### EXCERPTED DATA
- Opening Delimiter -
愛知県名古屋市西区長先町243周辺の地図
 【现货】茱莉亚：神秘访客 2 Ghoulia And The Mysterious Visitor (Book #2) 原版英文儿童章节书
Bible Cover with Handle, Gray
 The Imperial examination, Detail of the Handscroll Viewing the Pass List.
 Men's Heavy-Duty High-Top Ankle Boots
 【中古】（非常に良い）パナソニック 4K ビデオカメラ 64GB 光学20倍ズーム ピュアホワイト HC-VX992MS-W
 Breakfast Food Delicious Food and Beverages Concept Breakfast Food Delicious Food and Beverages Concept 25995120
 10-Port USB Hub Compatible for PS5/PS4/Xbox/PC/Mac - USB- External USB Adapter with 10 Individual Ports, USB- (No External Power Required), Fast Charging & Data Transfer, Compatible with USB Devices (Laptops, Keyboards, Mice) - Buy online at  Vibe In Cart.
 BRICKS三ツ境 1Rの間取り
- Closing Delimiter -
### HOW TO COMPLETE THIS TASK
All lines from the one with "(Book #2) 原版英文儿童章节书" to the end of the records must be set down exactly. Skip every line before it.

### ANSWER FOR THE TASK
 【现货】茱莉亚：神秘访客 2 Ghoulia And The Mysterious Visitor (Book #2) 原版英文儿童章节书
Bible Cover with Handle, Gray
 The Imperial examination, Detail of the Handscroll Viewing the Pass List.
 Men's Heavy-Duty High-Top Ankle Boots
 【中古】（非常に良い）パナソニック 4K ビデオカメラ 64GB 光学20倍ズーム ピュアホワイト HC-VX992MS-W
 Breakfast Food Delicious Food and Beverages Concept Breakfast Food Delicious Food and Beverages Concept 25995120
 10-Port USB Hub Compatible for PS5/PS4/Xbox/PC/Mac - USB- External USB Adapter with 10 Individual Ports, USB- (No External Power Required), Fast Charging & Data Transfer, Compatible with USB Devices (Laptops, Keyboards, Mice) - Buy online at  Vibe In Cart.
 BRICKS三ツ境 1Rの間取り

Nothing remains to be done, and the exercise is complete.